### Work to complete
Your answer must be the full listing below, restated word for word, with no pictures in it.

### Available data
....

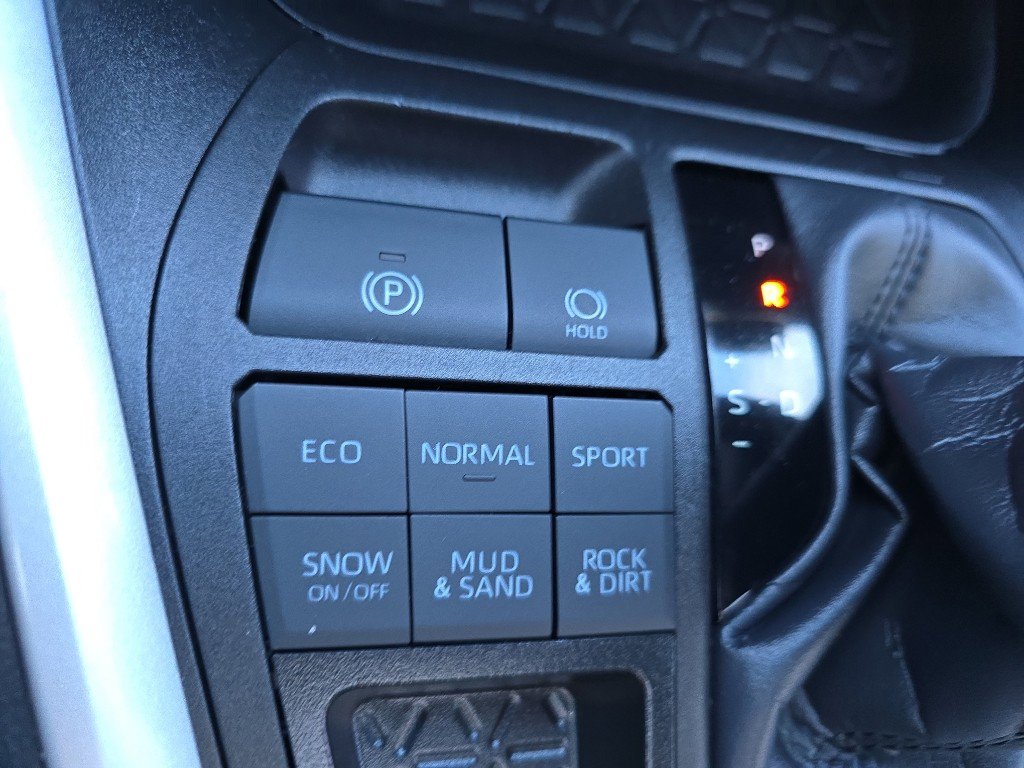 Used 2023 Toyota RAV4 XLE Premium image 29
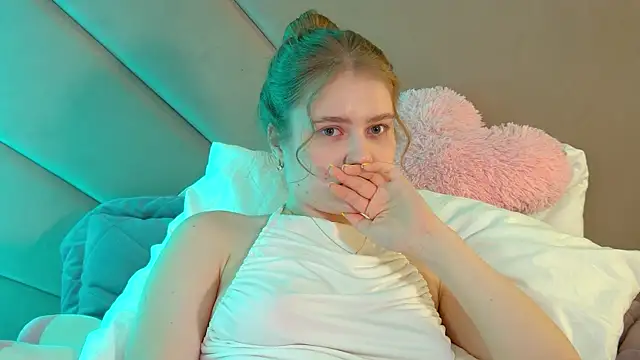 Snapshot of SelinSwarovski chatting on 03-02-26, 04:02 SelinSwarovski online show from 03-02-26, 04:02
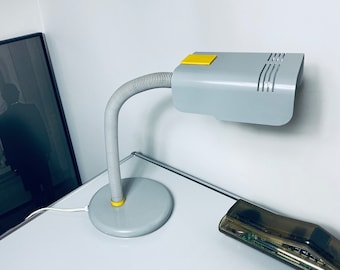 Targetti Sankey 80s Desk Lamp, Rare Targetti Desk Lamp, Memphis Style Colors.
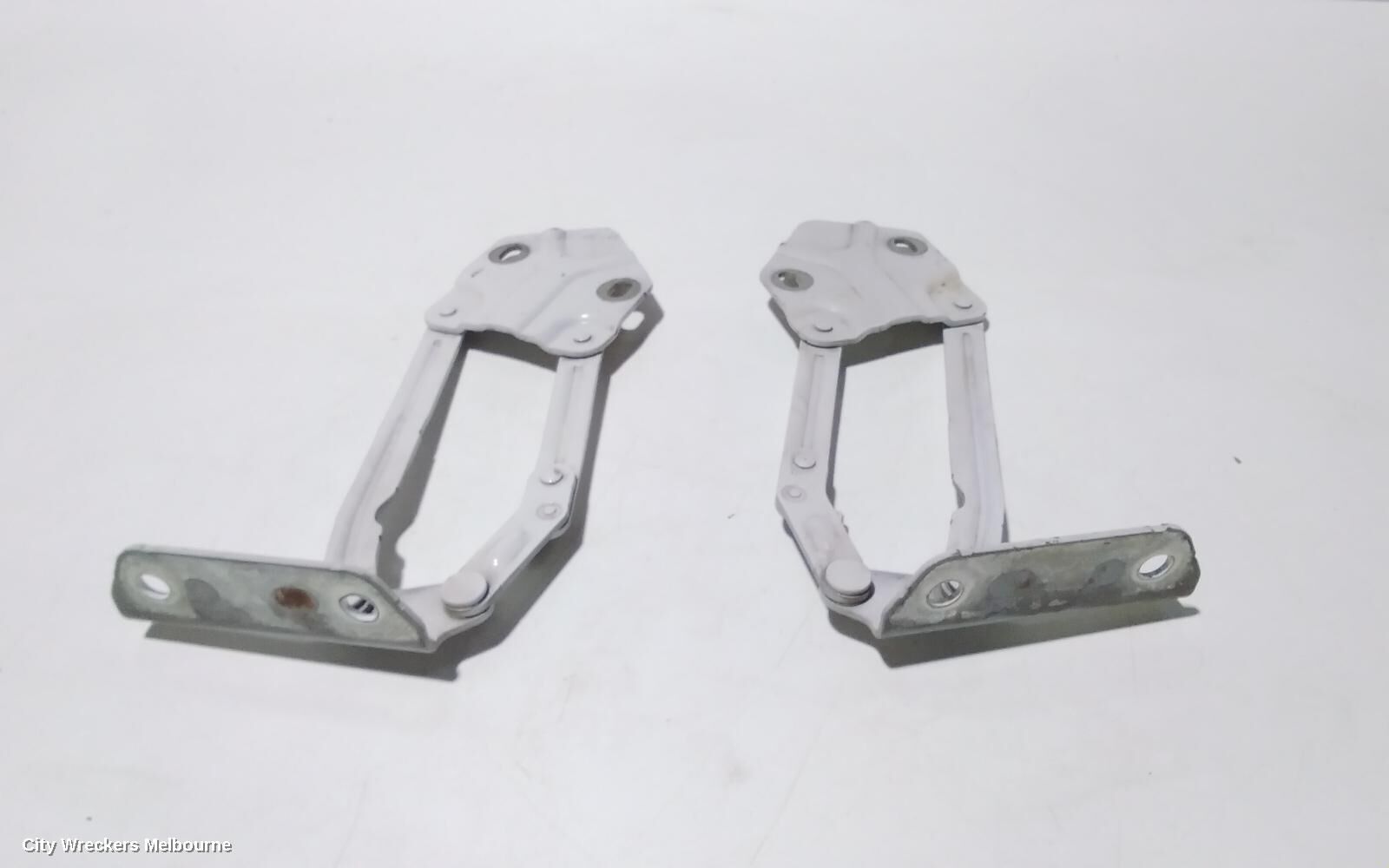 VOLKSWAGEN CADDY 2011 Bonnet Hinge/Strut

....

### Solution for this problem
 Used 2023 Toyota RAV4 XLE Premium image 29
 Snapshot of SelinSwarovski chatting on 03-02-26, 04:02 SelinSwarovski online show from 03-02-26, 04:02
 Targetti Sankey 80s Desk Lamp, Rare Targetti Desk Lamp, Memphis Style Colors.
 VOLKSWAGEN CADDY 2011 Bonnet Hinge/Strut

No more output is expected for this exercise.